I live in two worlds, one with people displaced by the war in Ukraine, the other in a Ford Transit Connect, traveling to speak in churches, offices, coffee shops, and living rooms across America about our work in Ukraine.
Scientists of creativity say that when the mind is occupied with a simple task, it frees the imagination. Some things came together out there alone on the highways, somewhere in Wyoming. I would call it a confrontation between imagination and reality, like what Wallace Stevens said of good poetry, “Not ideas about the thing, but the thing itself,” what he described as, “The actual landscape with its actual horns/Of baker and butcher blowing.” It is the expression of, “life in its lived fullness.”
I’ve often thought of my time in Ukraine as the “thing,” and time in America as time I share my ideas about the “thing.” But in reality, time in America is an extension of time in Ukraine. I am still nurturing and facilitating trusting and supportive relationships and community.
Every night I stay with friends, share a meal, and conversation, every church I visit, every gathering I attend in a home, coffee shop or restaurant, we are all enriched. All churches, all families, all who support this work in Ukraine, share in this communal effort. When you support financially, by hosting or by encouragement, you share in this effort. It is why I speak of our work as the work of Presbyterians (among many others) in Ukraine. Time in America is also life on that “actual landscape.” It is “life lived in its fullness.”

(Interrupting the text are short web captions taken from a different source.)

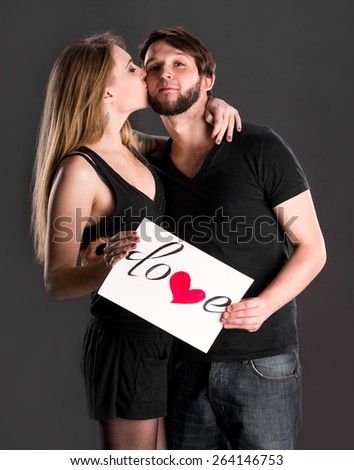 Happy couple holding board with declaration of love on a dark background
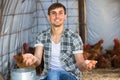 Male farmer picking fresh eggs in coop Royalty Free Stock Photo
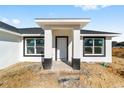 Front view of a new construction home with a white exterior and black accents at 55 Locust Loop Cir, Ocala, FL 34472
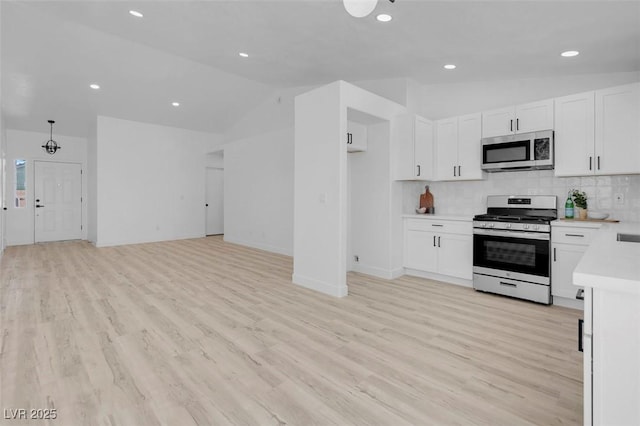 2832 Sing Song Way, Las Vegas, NV 89106 - kitchen featuring stainless steel appliances, vaulted ceiling, light countertops, decorative backsplash, and white cabinetry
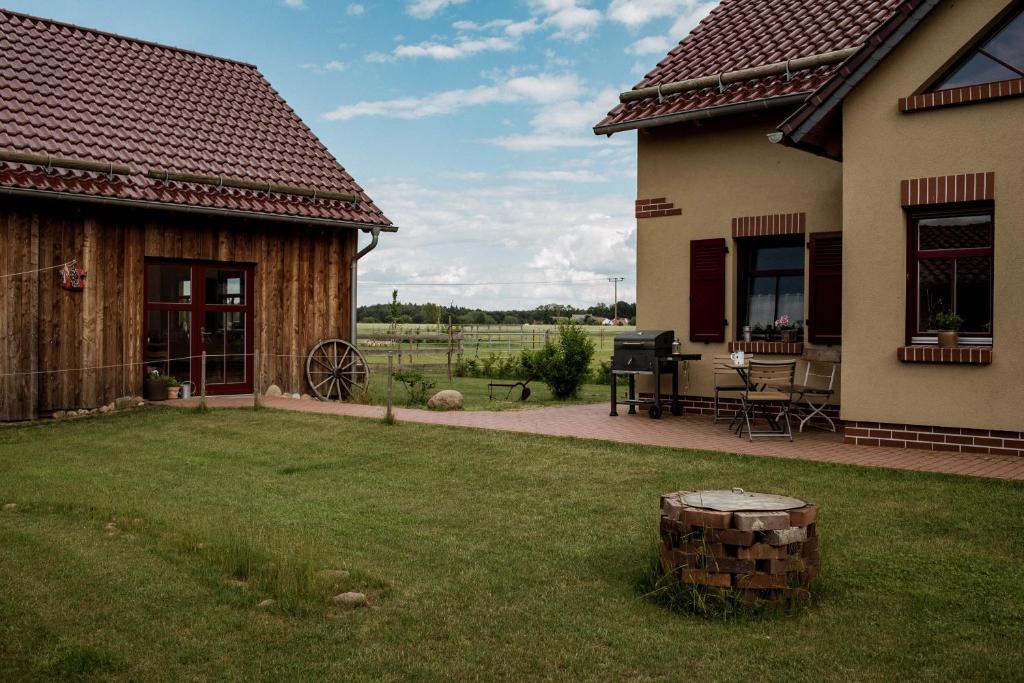 a backyard with a house and a yard with a grill at Südhof Döbbrick - Ferienhof für Familienurlaub in Cottbus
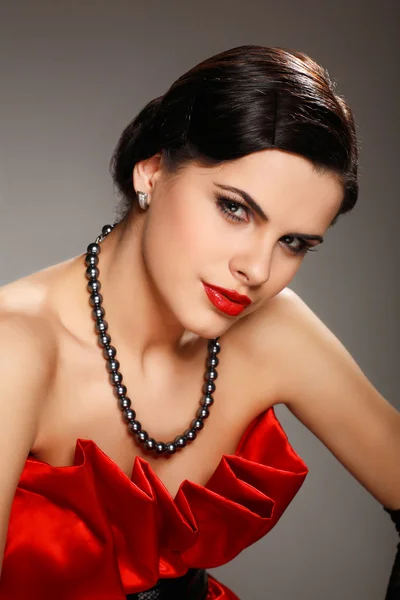 Een mooie jonge vrouw is in rode kleren — Stockfoto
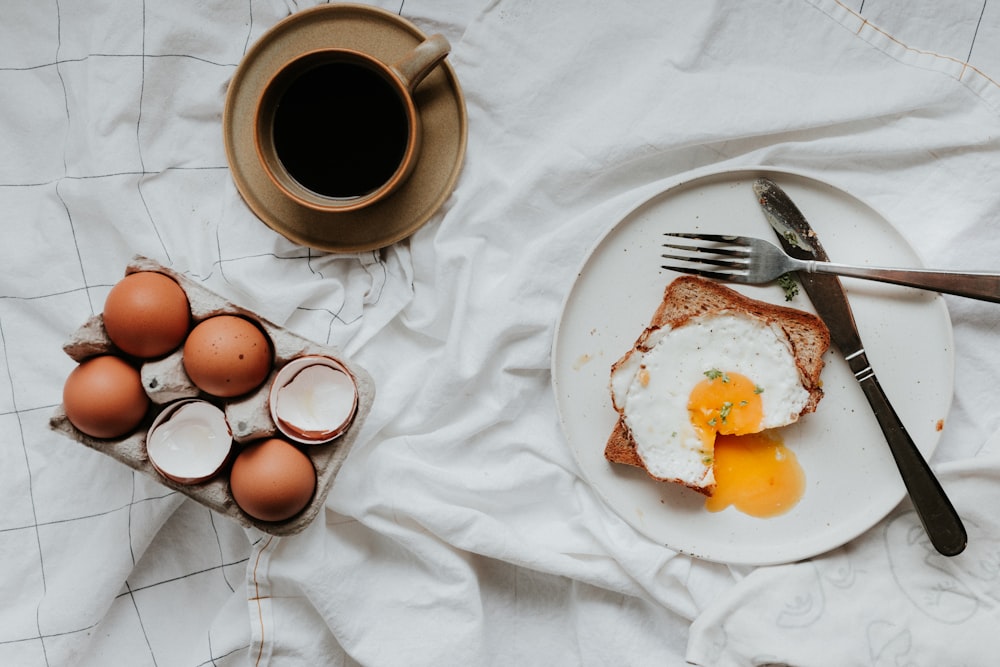 oeuf sur assiette en céramique blanche à côté d’une fourchette et d’un couteau en acier inoxydable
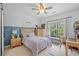 Stylish bedroom featuring a wood accent wall, ceiling fan, and bright natural light at 200 Whispering Pines Dr, Woodstock, GA 30188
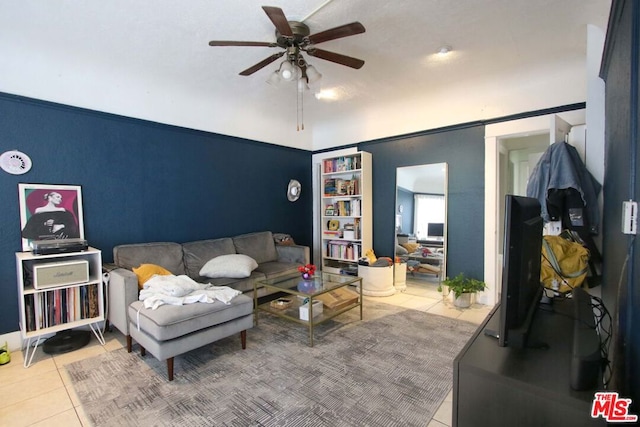 tiled living room with ceiling fan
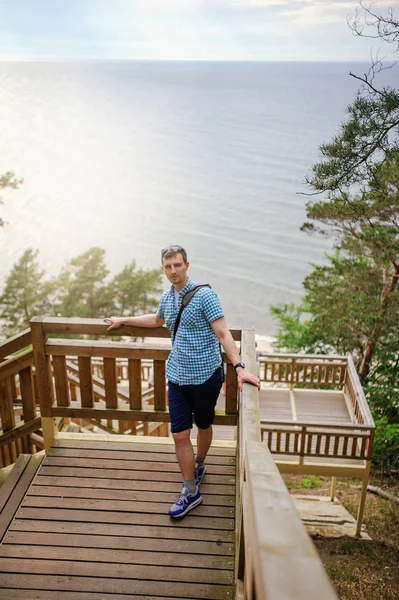 Man sitter på trä trappan i park och leende — Stockfoto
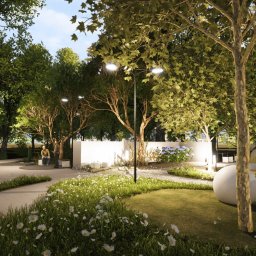 AUMÜLLERDESIGN Pracownia Rozwoju Przestrzeni - Projekt zagospodarowania terenu zielonego z oświetleniem, ścieżkami i miejscami do siedzenia, otoczonego drzewami i roślinami. Widoczne osoby korzystające z przestrzeni.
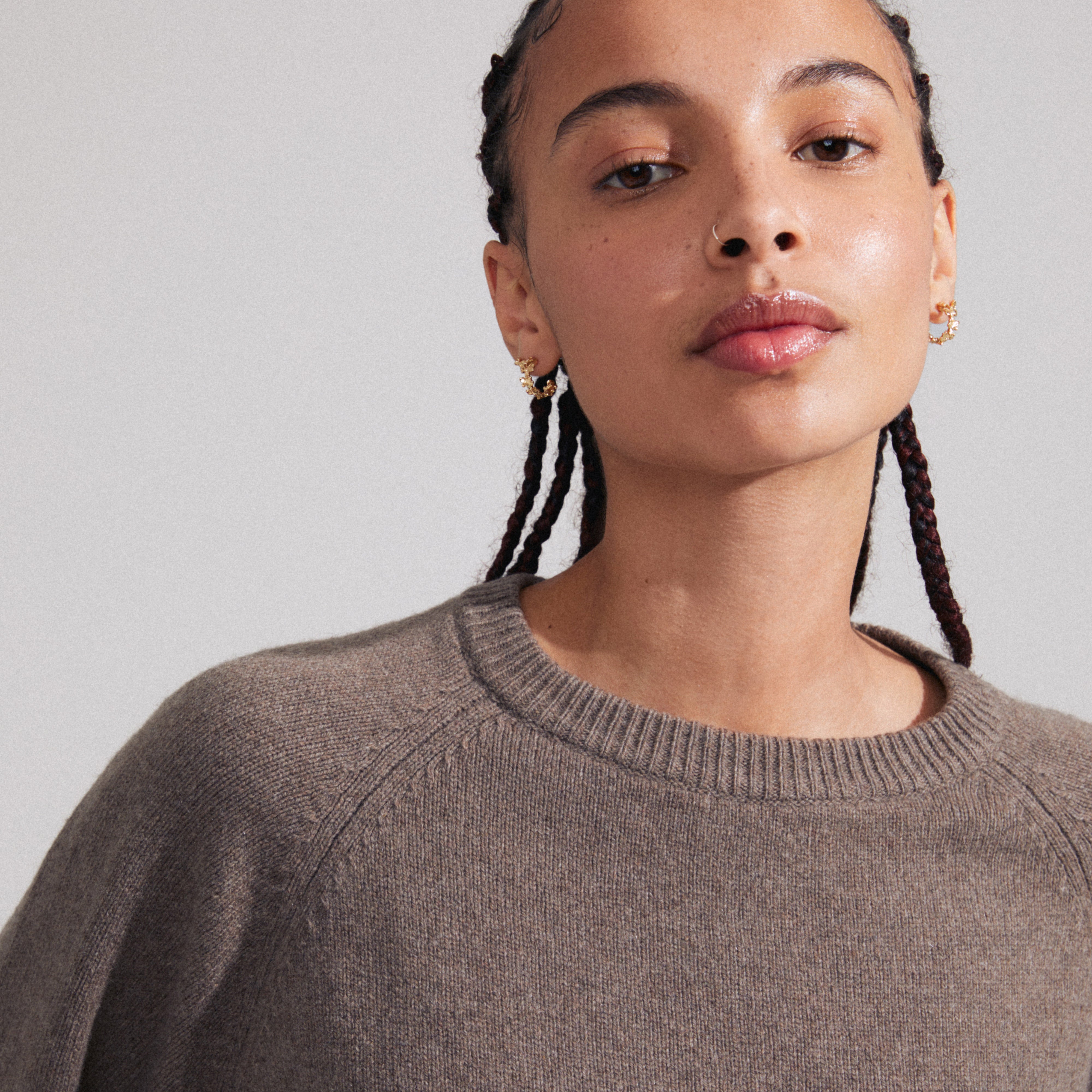 ZHURI earrings 2-in-1 set gold-plated, worn by a woman with braids, featuring floral half-hoops and studs from Pilgrim's sustainable collection.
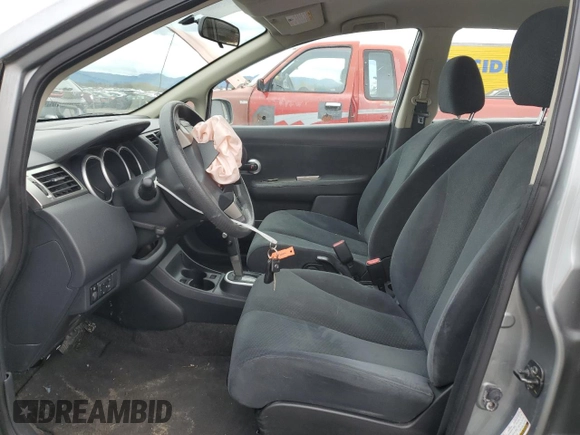 2010 Nissan Versa S with VIN 3N1BC1APXAL411429, listed as a Copart auction lot 50638725 with 95,893 mi miles and Salvage Title. Bid and sale history available at DreamBid. Image 7.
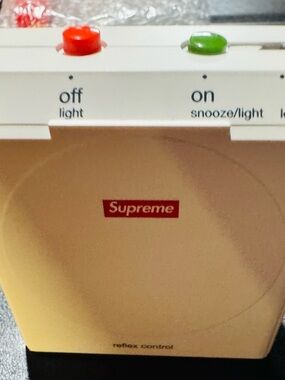 Supreme White Alarm Clock with Red Logo and Red/Green Buttons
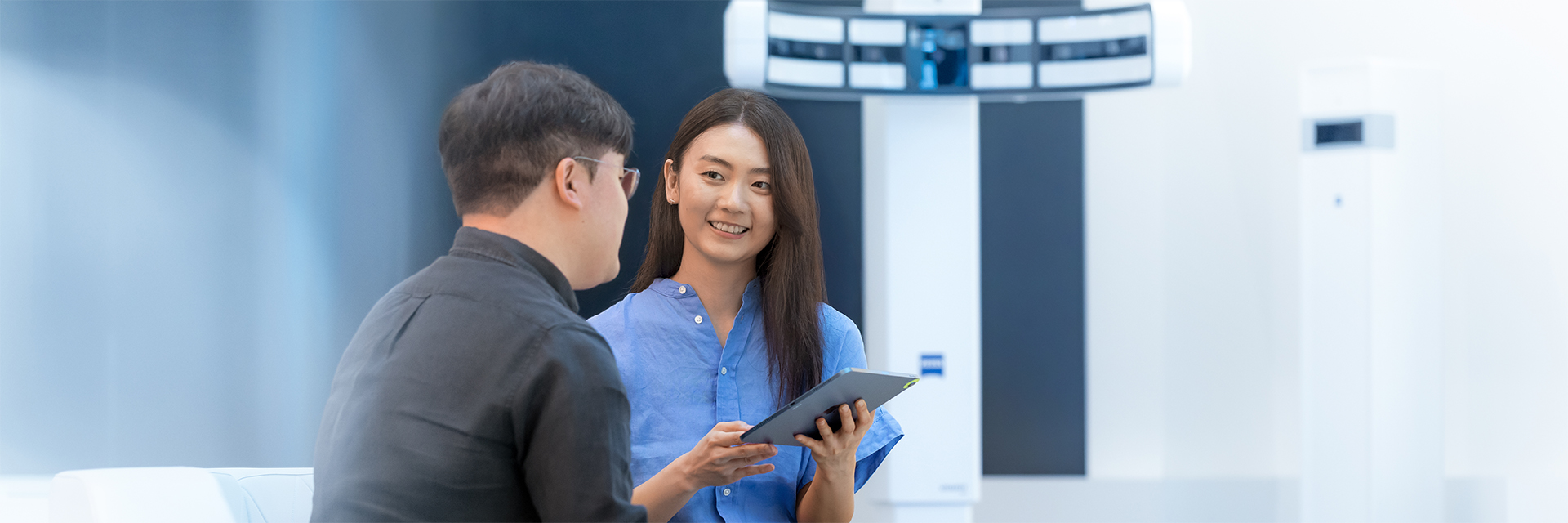 ZEISS Employee JiHye, standing in presenting room, talking to a colleague
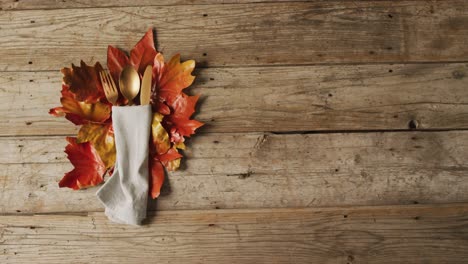 Video-of-cutlery,-cloth-and-autumn-decoration-with-leaves-lying-on-wooden-surface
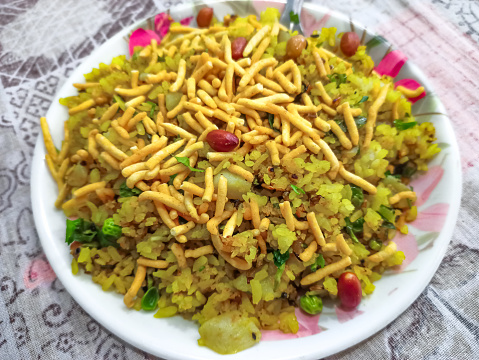 Flatten rice also known as poha is popular Indian snack, seasoned with veggies and rice. Poha is prepared with flattened rice. It is mainly served as breakfast in many States.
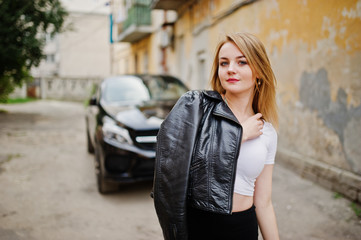 Naklejka na ściany i meble Elegant blonde girl wear on black leather jacket posing at streets of town background luxury car.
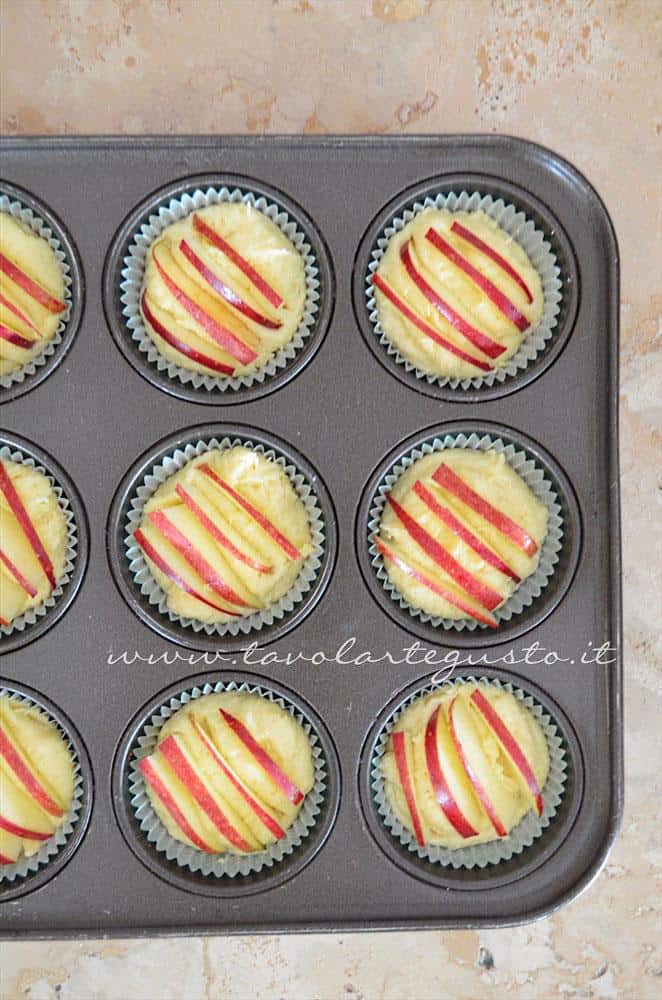 Adagiare impasto nei pirottini e fettine di mela nei muffins - Ricetta Muffins ricotta e mele Adagiare impasto nei pirottini e fettine di mela nei muffins - Ricetta Muffins ricotta e mele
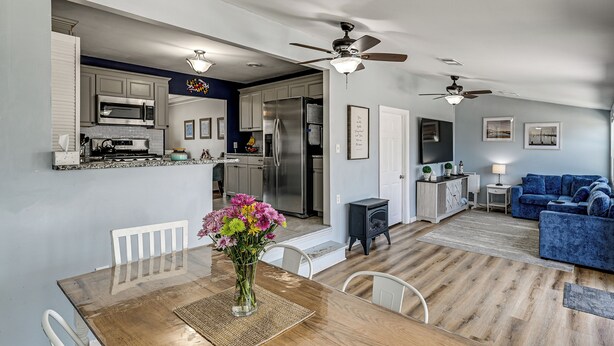 A modern kitchen with stainless steel appliances, a dining area with a wooden table and white chairs, and a living room with a blue sofa.
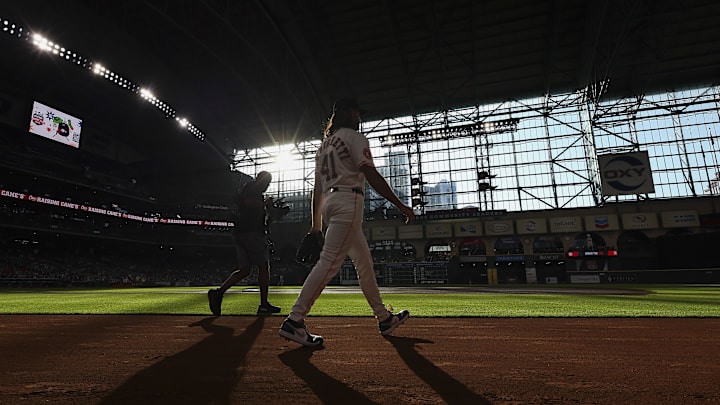 Aug 12, 2025; Houston, Texas, USA; Houston Astros starting pitcher Spencer Arrighetti (41) walks on the field before the game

And yet, reality goes deeper. We are not the lead characters in our own drama. We are not living a dream. We are not the hero of a thousand faces. We cannot escape. We are actual people, there is actual bleeding and emotional bleeding (thus the saying: “One bloody foot in front of the other.”) There are the maimed and dying. There is a war. Parents weep for their spouse or child. Children weep for parents, sisters, brothers. Rage and hate are real. Love and compassion are also real. Everything is real. Whatever our belief in God, our basis of faith, our source of hope, we must accept and live with the realities of life.
I’ll close with a story, and leave it for you to interpret.
Albina is 30 years old, her son is 7. They survived Mariople which now looks like a lunar landscape, littered with twisted metal and broken concrete. She and her son lived through several weeks of the war. Explosions and gunfire almost daily. Apartments on both sides collapsed. Theirs remained.
What was that like? I asked her.
We were afraid, she said, all the time, you never knew when bombs or artillery were going to come. You could be killed in your sleep.
What did you do?
She took me literally. I had potatoes, she said. We ate potatoes for breakfast, for lunch and for dinner. We had water and gas to cook but not often electricity.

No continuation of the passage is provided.